WORK REQUEST:
Every entry below should be reproduced exactly; no picture is to be included.

★ ★ ★

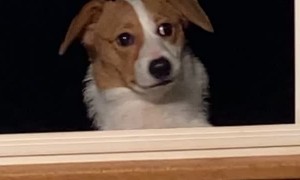 Dog Waits Outside for Dinner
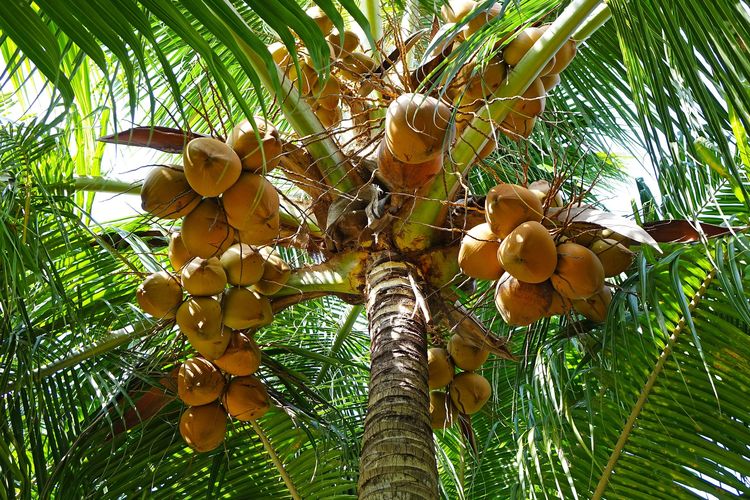 Ilustrasi buah kelapa, pohon kelapa. 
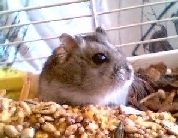 Raoul grignotant son kraker
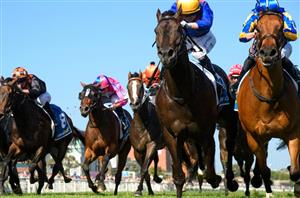 Oakleigh Plate Tips - Jimmy to Star as the sprinters scorch around Caulfield at Group 1 level in the Oakleigh Plate
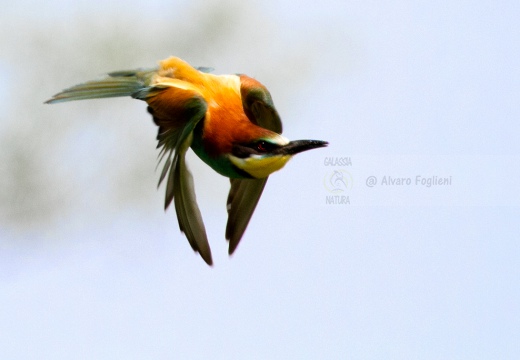 GRUCCIONE - Bee-eater - Merops apiaster - Luogo: Castelletto di Branduzzo (PV) - Autore: Alvaro 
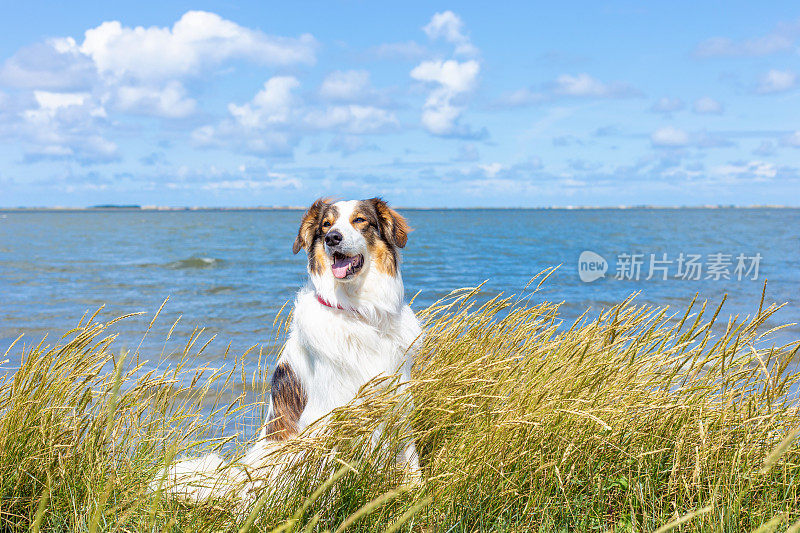 在德国东弗里斯兰的北海地区，一只狗坐在夏日的海滩上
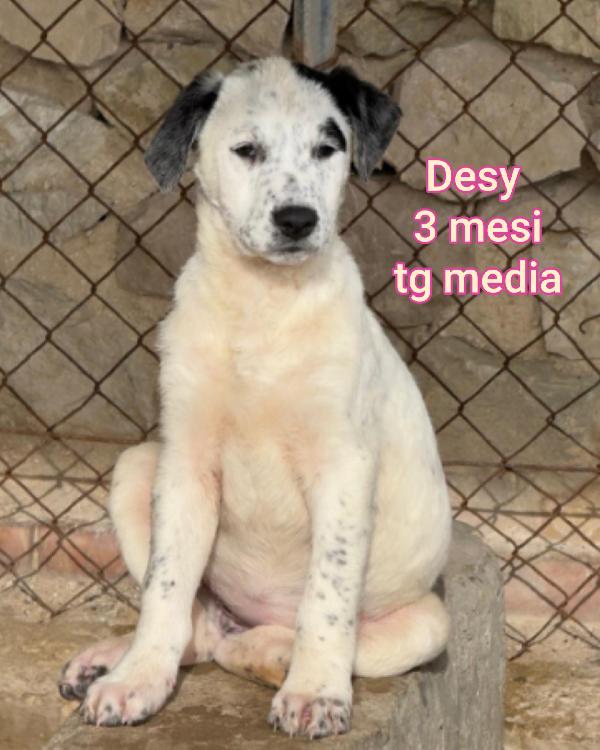 SALVA UN CUCCIOLO! Foto 4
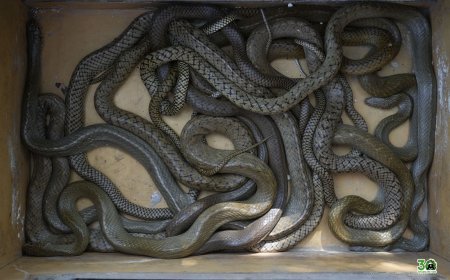 आगरा में खंदौली के नेकपुर गांव में मंदिर निर्माण स्थल पर सांपों का बसेरा, सात सांपों का दहशत के बीच किया गया सफल रेस्क्यू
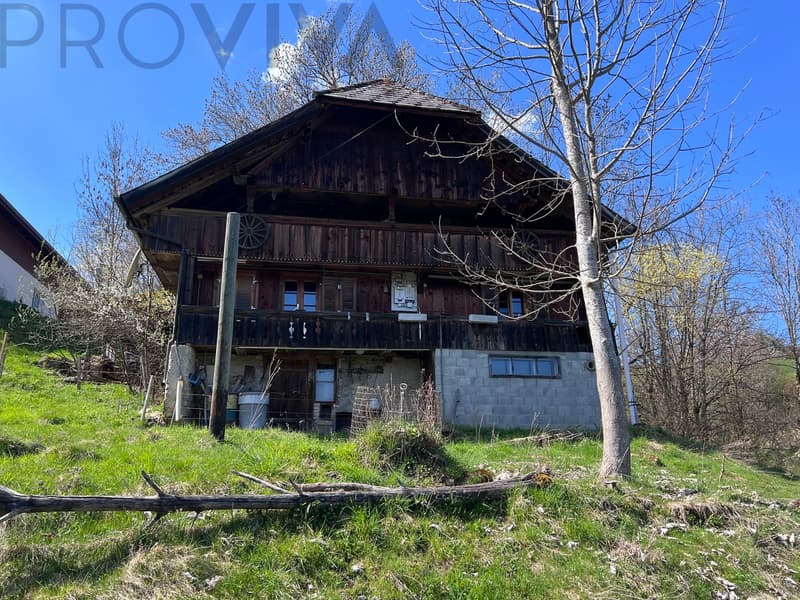 Abbruchhaus mit bewilligtem Bauprojekt zu verkaufen (3)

★ ★ ★

RESULT OF THE TASK:
 Dog Waits Outside for Dinner
 Ilustrasi buah kelapa, pohon kelapa. 
 Raoul grignotant son kraker
 Oakleigh Plate Tips - Jimmy to Star as the sprinters scorch around Caulfield at Group 1 level in the Oakleigh Plate
 GRUCCIONE - Bee-eater - Merops apiaster - Luogo: Castelletto di Branduzzo (PV) - Autore: Alvaro 
 在德国东弗里斯兰的北海地区，一只狗坐在夏日的海滩上
 SALVA UN CUCCIOLO! Foto 4
 आगरा में खंदौली के नेकपुर गांव में मंदिर निर्माण स्थल पर सांपों का बसेरा, सात सांपों का दहशत के बीच किया गया सफल रेस्क्यू
 Abbruchhaus mit bewilligtem Bauprojekt zu verkaufen (3)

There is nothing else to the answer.